Il se tait et pose sa fourchette. "C'est drôle comme l'argent et la célébrité changent les gens bizarrement. Cela m'a radicalement changé et rendu en fait plus reconnaissant, en particulier quand je me trouve dans des situations qui m'imposent l'humilité. Par exemple, je participe à l'émission Make-A-Wishes chaque semaine [le Rock a reçu le prix Chris Greicius décerné aux célébrités qui réalisent les rêves d'anonymes de la part de la Make-A-Wish Foundation en 2000]. Hier, en route pour l'aéroport, j'étais au téléphone avec un gamin de 14 ans. Il se sait condamné, mais il est tellement heureux, et tout ce qu'il voulait, c'était simplement me parler. Voilà de quoi vous rendre humble! Il n'a aucune idée de la force qui est en lui, d'un point de vue humain et spirituel. Je lui ai dit: 'Tu penses que le Rock est fort? Tu es tellement plus fort que moi.'"
Avec une telle attitude, et malgré son emploi du temps frénétique, la paternité semble bien aller à Johnson. Dany, son épouse depuis cinq ans (elle a récemment pris la tête d'une société de détectives privés à Miami après une brillante carrière chez Merrill-Lynch) a donné naissance au premier enfant du couple, Simone, en août dernier. "C'est un équili-bre très délicat," dit-il d'un air pensif. "On fait des sacrifices quand on devient célèbre; il y a un prix à payer et mon but avec ma femme est que, pour nous, ce prix ne soit pas notre relation qui ne doit en aucun cas être compromise. En particulier avec un nouveau-né, en tant que jeune papa, il faut être présent."

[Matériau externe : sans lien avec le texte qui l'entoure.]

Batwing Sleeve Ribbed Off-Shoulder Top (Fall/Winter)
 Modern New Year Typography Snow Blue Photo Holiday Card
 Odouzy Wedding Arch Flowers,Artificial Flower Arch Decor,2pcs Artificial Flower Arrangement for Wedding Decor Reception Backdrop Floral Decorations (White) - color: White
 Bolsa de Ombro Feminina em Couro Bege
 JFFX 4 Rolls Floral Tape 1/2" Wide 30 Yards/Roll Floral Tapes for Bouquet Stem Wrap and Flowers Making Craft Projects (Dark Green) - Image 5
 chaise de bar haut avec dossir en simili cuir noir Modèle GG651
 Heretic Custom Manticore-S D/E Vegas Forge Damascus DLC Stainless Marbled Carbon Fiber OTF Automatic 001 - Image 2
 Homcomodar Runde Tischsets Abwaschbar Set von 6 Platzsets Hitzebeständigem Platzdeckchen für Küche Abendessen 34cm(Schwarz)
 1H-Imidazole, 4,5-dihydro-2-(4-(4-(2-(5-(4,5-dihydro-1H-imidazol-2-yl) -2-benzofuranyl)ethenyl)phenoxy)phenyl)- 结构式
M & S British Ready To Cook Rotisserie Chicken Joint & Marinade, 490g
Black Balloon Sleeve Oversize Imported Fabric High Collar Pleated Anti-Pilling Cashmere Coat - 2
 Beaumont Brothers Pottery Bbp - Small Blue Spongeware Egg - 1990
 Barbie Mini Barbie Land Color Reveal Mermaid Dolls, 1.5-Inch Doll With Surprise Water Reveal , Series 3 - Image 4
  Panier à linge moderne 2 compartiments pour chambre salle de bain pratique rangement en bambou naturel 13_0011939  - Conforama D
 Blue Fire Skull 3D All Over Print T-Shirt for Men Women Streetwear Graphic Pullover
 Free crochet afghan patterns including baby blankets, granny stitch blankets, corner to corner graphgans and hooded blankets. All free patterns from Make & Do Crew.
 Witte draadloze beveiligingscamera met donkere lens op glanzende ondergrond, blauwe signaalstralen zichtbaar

Pour ce qui est des prochains films de Johnson, bien qu'il manifeste un énorme potentiel pour devenir une star, il confirme qu'il est ouvert à tout type de rôle, petit ou grand. "'En fin de compte, ça dépend toujours de l'histoire. Si c'est une histoire géniale, eh bien c'est vraiment tout ce qui compte. Je n'ai vraiment pas besoin d'être l'acteur principal. Mes objectifs essentiels sont d'être reconnu comme acteur dans ce milieu, travailler avec de grands réalisateurs et de grands acteurs, ne pas avoir peur de prendre des risques et essayer différents rôles."
Et il n'oubliera pas de sitôt jusqu'où il est allé. "Le mois dernier, je n'ai pas pris un seul jour de repos," dit-il. J'étais sur le plateau avec notre directeur du maquillage Jeff Dawn. J'étais sur mon siège, il était 5 heures du matin et nous nous disions à quel point nous étions fatigués, à cause de nos nuits brèves de trois heures. Puis je me suis dit: "Il y a six ans je dormais sur un matelas crasseux que j'avais récupéré dans une benne à ordures, j'avais 7 dollars en poche et je venais d'être viré de la CLF [la ligue canadienne de football américain]. Aujourd'hui, je suis assis sur le plateau de mon second film." Alors, j'ai dit: "Maquille-moi et on y va !" Ça m'a rappelé une citation à laquelle je pense tous les jours: "Quand on connu la faim - la famine - on n'est jamais vraiment rassasié."
Reste à voir si "Le Roi Scorpion" mettra K.O. la concurrence au box office. Mais à en juger par la liste des accomplissements du Rock, quoi qu'il fasse, ses fans, les nouveaux comme les anciens, le suivront. Vous sentez cela? C'est le doux parfum du succès.